One unusual feature which might take some getting used to is the engine braking system. There are in fact four regenerative braking modes, using them means the battery is recharged whenever you coast or brake. The idea is you're preserving the battery and ultimately your range. In B, the most effective, when you come off the accelerator it's as if you're straight on the brakes. It sounds odd but once you get used to it, it's actually useful as you can almost drive the e-Load Up using just the accelerator pedal. Of course if you just leave it in D and it acts like a conventional automatic.

The lack of noise – aside from a faint whir from the electric motor – also adds to the feeling of refinement which should make for a (potentially) less stressful working day.

But how does the e Load Up rate as a van? Well, regardless of what engine is powering it, the Load Up has 1m3 of carrying space – the same as a Ford Fiesta van which is one of few rivals in the small car-derived van market along with the Vauxhall Corsavan.

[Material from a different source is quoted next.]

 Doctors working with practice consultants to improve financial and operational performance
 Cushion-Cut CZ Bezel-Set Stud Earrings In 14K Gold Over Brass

The boot opening is slightly narrow at the base due to positioning of the lights and there's a significant load lip – good if you don't want things sliding about but not so helpful if you've got heavy or awkward objects to transport. The lithium ion batteries don't impact on load space, as they're situated in the chassis, just in front of the rear axle.

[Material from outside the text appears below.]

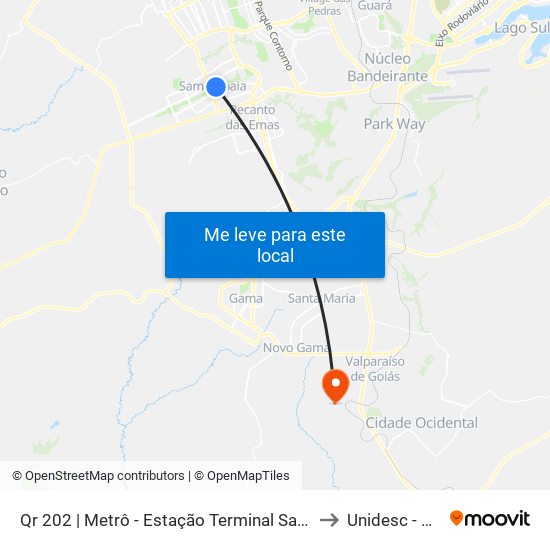 Qr 202 | Metrô - Estação Terminal Samambaia (Lado Oposto) to Unidesc - Campus 2 map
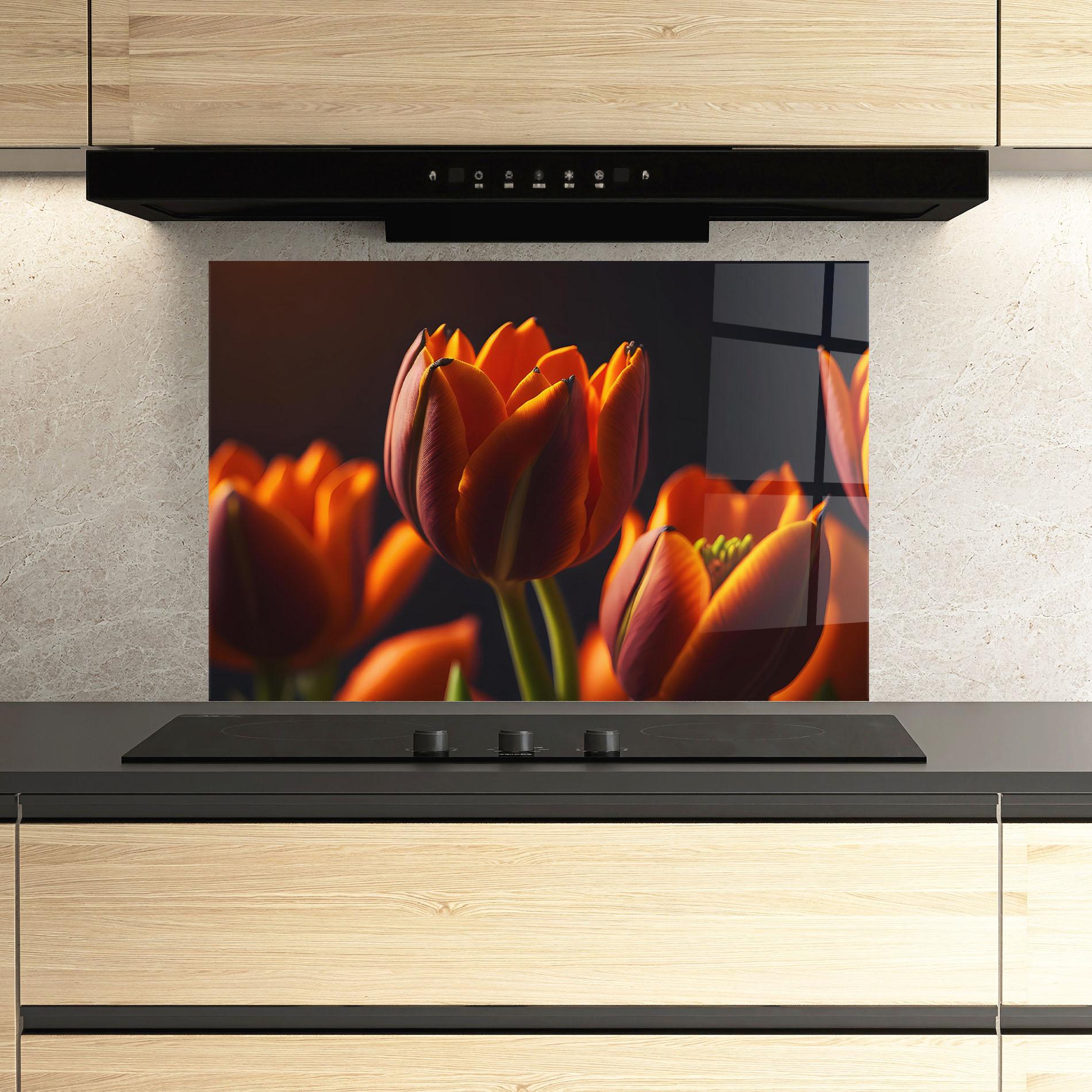 Konyhai üveg hátfal Close Up Orange Tulip mockup 3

The load area is well finished though with a solid floor complete with a high grip covering. Under the load floor there's even room for a tyre repair kit although there's no spare wheel. The van we drove came with a mesh bulkhead, which was well fitted with no squeaks or rattles on the move. Even though this is currently a concept, it feels very much like a finished vehicle. In fact the only real change needed to make it a commercial vehicle would be for the glass in the rear windows to be replaced by metal panels.

Volkswagen E -Load Up (10)

So who is it going to appeal to? Well you could see it being popular with any city or busy town based business. Pizza deliveries, florists and motor parts factors all spring to mind as ideal customers for the Load Up along with courier work and inter-site postal deliveries. For pharmacies that offer a local prescription delivery service it would be ideal. The maximum payload is 306kg – not great and even a MINI Clubvan has 500kg – but given its potential work, weight is unlikely to be much of an issue.

For businesses that have to go into the London congestion charge zone, the e-Load Up would, if it were launched, be one of only two vans to qualify for exemption from the daily charge. The other is the Renault Kangoo Z.E. It's unlikely a company would rely solely on the e-Load Up but rather use it to supplement a larger fleet of vans.

As it's still a concept, prices are only an estimate at the moment but going on the price of the e-Up, Volkswagen has indicated that the e-Load Up would be slightly less - around £16,000 (excluding VAT) after the government grant for electric vans which gives you 20 per cent off the cost of the van up to £8000. That is of course a lot for a small van like this - a Kangoo ZE starts at £12,995 although you do have to lease the battery. With the e-Load Up it would be included.

Charging takes six hours from a standard wallbox - that's from flat to 100 per cent. But if a company has access to a Combined Charging System (CCS) charging station, the battery can be boosted from zero to 80 per cent in just 30 minutes.

Whether the Load Up, in electric or petrol form, would come to the UK remains to be seen. It's certainly likely to become a production reality and Volkswagen is also working on an e-Caddy which could be introduced when the long awaited all-new Caddy is launched next year. We think the Load Up would be an attractive alternative to the likes of the Fiesta Van and would surprise many with its load size and practicality.